On May 5, 2011, they opened for Third Eye Blind at the Sound Academy in Toronto. Their second album, Paris or India, was released on July 19, 2011 and debuted at #42 on the Canadian Albums Chart. On July 25, 2011, they were the support act for their old bandmate, Tyler Armes' band, Down With Webster, at Edmonton's Capital Ex.

In 2016, they released a song called "Crystalized" under the name, Nathan John and the Midway State.

Ferraro has gone on to be a songwriting and producing collaborator for other artists, notably on Beyoncé's 2024 single "Texas Hold 'Em".

==Past members==
- Nathan Ferraro – Vocals/Piano/Synths
- Daenen Bramberger – Drums
- Mike Wise – Guitar
- Mike Kirsh – Bass

==Discography==

===Paris or India (2011)===
1. Alive
2. Atlantic
3. Fire
4. All Anew
5. Paris or India
6. Lightning
7. Hartley Salter's Kite
8. Heart Of Glass
9. Litebrite
10. St.

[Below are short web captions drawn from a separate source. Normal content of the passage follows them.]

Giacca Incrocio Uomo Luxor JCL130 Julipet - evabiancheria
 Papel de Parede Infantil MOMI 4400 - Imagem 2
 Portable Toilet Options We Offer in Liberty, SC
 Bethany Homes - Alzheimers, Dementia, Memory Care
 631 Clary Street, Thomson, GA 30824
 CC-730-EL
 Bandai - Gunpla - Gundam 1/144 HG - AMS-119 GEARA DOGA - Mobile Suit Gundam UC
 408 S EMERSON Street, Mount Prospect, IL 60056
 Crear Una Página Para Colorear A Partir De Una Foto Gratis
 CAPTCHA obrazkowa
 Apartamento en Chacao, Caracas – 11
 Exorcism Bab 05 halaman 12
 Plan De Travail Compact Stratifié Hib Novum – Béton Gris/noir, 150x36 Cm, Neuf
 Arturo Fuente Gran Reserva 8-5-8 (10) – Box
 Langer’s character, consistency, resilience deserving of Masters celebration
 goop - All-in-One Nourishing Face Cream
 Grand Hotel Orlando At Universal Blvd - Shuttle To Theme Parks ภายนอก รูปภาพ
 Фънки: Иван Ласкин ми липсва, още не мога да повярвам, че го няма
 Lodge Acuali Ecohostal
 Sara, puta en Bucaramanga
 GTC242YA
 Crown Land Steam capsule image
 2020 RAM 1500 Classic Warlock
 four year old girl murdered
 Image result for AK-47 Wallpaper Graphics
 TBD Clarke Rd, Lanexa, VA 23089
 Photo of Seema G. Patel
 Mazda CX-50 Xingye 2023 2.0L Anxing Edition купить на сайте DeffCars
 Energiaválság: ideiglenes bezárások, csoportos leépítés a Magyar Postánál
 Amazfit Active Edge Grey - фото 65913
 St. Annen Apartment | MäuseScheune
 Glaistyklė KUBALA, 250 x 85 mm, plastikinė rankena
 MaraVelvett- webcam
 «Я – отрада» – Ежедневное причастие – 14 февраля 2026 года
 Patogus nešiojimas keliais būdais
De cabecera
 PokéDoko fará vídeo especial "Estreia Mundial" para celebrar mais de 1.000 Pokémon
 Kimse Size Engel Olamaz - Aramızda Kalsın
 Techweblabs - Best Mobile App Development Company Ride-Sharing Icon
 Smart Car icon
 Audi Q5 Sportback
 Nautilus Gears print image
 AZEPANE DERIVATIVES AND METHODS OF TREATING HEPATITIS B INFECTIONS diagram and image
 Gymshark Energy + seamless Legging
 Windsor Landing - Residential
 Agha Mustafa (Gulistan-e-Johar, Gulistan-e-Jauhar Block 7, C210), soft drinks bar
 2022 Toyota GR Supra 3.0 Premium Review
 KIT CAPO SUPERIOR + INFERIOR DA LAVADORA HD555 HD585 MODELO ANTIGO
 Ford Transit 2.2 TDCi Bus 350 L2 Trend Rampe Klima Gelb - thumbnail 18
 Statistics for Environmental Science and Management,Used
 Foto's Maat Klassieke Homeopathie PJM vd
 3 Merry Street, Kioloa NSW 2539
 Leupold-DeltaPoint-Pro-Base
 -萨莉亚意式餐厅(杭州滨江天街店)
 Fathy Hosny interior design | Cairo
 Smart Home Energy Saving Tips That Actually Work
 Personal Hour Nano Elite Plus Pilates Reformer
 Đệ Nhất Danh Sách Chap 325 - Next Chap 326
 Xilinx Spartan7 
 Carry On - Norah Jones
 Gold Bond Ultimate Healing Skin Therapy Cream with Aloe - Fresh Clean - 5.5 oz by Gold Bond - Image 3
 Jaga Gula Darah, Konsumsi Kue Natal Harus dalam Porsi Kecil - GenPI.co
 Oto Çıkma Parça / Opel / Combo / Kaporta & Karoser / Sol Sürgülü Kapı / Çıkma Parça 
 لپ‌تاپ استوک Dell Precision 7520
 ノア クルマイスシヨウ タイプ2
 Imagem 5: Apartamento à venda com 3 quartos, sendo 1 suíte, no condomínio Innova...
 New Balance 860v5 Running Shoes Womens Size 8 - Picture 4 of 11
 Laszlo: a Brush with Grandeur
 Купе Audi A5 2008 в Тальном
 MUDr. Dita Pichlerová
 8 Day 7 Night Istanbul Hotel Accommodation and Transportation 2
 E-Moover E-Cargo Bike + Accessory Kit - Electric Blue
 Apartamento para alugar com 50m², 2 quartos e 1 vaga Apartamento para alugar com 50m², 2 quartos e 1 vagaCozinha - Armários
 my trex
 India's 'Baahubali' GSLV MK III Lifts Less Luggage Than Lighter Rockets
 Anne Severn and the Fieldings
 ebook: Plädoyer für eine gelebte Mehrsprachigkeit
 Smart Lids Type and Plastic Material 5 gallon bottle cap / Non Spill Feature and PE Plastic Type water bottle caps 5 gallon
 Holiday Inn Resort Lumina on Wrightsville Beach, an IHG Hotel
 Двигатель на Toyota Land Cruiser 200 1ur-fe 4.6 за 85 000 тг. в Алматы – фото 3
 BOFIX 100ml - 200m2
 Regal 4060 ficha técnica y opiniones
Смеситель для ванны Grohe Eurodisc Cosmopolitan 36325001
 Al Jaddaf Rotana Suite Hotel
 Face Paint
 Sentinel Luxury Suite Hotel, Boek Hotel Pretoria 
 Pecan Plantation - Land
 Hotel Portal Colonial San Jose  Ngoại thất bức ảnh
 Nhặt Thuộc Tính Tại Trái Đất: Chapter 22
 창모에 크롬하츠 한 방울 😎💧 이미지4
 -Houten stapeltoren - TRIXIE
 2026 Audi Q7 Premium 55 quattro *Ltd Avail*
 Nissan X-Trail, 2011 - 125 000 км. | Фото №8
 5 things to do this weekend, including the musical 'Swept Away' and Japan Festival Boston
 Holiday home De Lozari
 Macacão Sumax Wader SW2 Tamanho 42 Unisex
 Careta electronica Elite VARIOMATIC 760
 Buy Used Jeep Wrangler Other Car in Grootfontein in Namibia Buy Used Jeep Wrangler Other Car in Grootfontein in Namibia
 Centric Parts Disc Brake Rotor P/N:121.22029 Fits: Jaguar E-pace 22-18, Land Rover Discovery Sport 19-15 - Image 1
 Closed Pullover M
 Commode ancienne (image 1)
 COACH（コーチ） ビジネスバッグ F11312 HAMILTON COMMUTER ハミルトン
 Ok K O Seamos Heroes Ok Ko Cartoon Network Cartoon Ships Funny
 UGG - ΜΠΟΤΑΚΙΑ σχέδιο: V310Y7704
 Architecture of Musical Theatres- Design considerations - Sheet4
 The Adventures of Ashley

Paul And The Wolf

===Holes (2008)===

1. Never Again
2. Change for You
3. Nobody Understands
4. Fireflies
5. Unaware
6. Can't Stop Waking Up to You
7. Holes
8. Where Did We Go?
9. Hold My Head Up
10. Fire Keeps On Burning
11. I Know
12. No Crying
13. Time to Move On (iTunes Bonus Track)

===Met a Man on Top of the Hill EP (2007)===
1. Met a Man on Top of the Hill
2. Change for You
3. Nobody Understands
4. A Million Fireflies

===Eponymous (2006)===
1. Met a Man on Top of the Hill
2. Change for You
3. Unaware
4. Nobody Understands
5. A Million Fireflies

===Wide Eyed (2003)===
1. Barefoot
2. Amie
3. Everytime We Die
4. Stupid Love Songs
5. New Girl
6. Hold On
7. Ruby

===Stay Calm...It Will Always Be (2003)===
1. Not the One
2. All His Angels
3. My Breath Away
4. A Million Fireflies
5. Reckless

===Other work===
1. "Don't Give Up", originally by Peter Gabriel and Kate Bush (Duet with Lady Gaga).
2. "True", a Spandau Ballet cover, along with a song of their own titled "New York Sky" was featured in the soundtrack to the film Textuality.
3. "Run To You" (a Bryan Adams cover) was used for the promotion of the mini-series Camelot by CBC.

==Awards and nominations==
- In 2009, Holes was nominated for "Best Pop Album", while Ferraro was nominated "Songwriter of the Year" at the Juno Awards
- On June 21, 2009, they won "Favourite New Artist" and "Best "Independent Video" for "Never Again" at the MuchMusic Video Awards.